Retype the data that follows exactly. No pictures belong in the copy.

* Source data
────────────────────

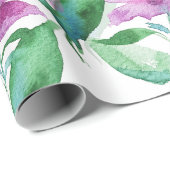 Paarse Violet Waterverf Floral handbeschilderd Cadeaupapier (Rol Hoek)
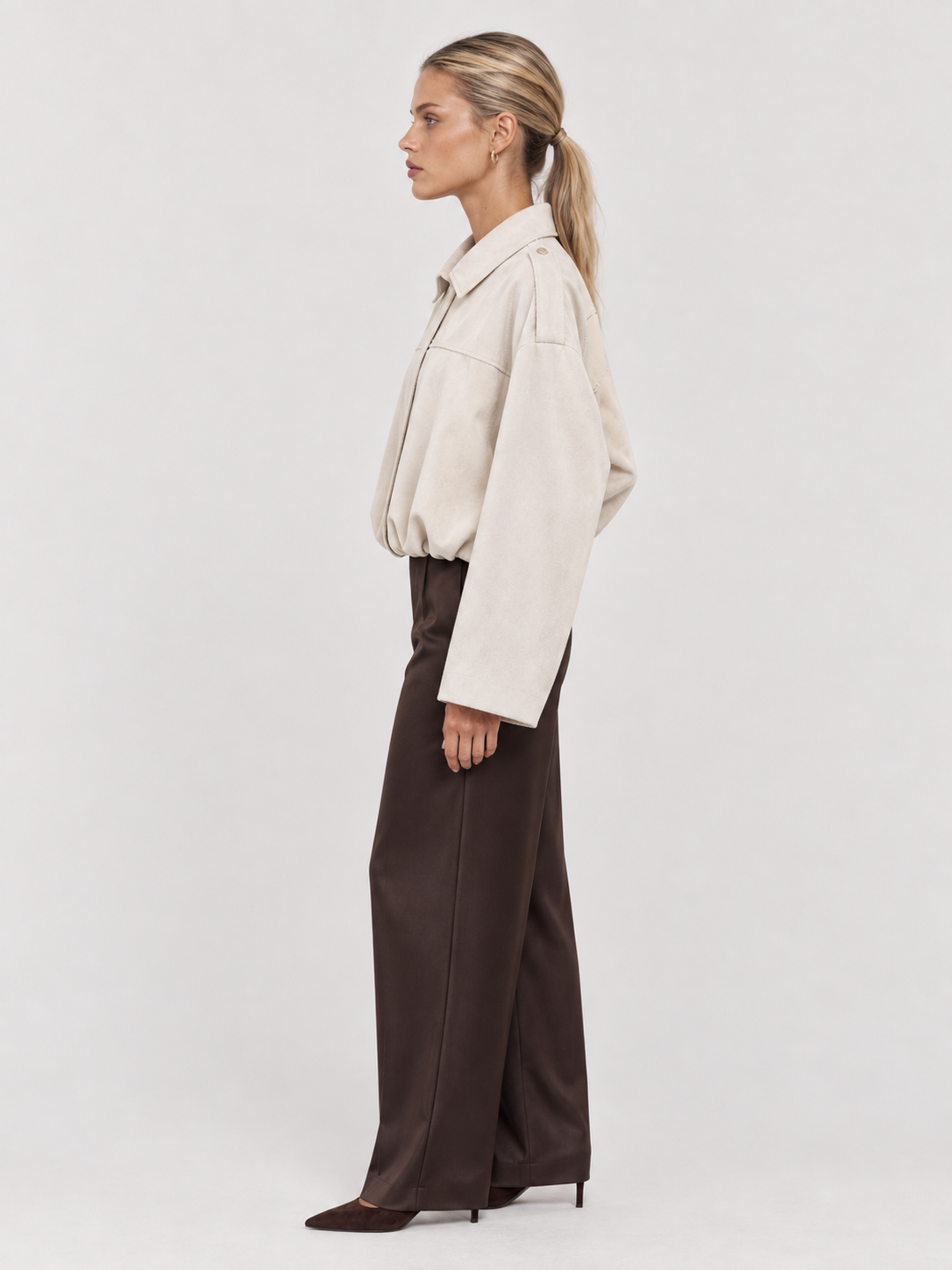 Lara | Suede Bomber Jacket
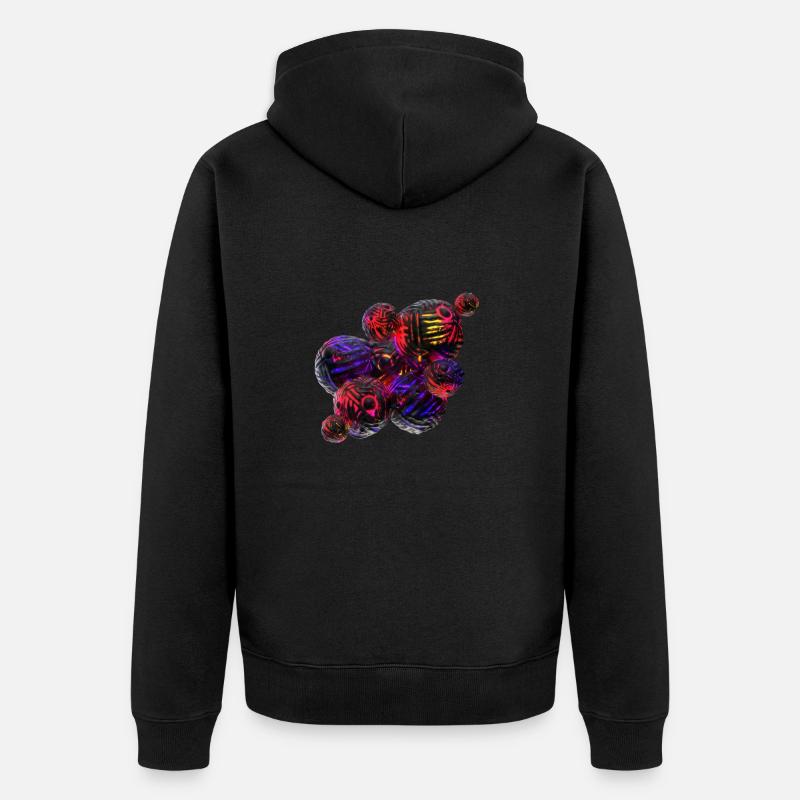 Bunte Abstrakte Kugeln - Unisex Premium Bio Zip Hoodie - Schwarz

────────────────────

* Answer for this exercise
 Paarse Violet Waterverf Floral handbeschilderd Cadeaupapier (Rol Hoek)
 Lara | Suede Bomber Jacket
 Bunte Abstrakte Kugeln - Unisex Premium Bio Zip Hoodie - Schwarz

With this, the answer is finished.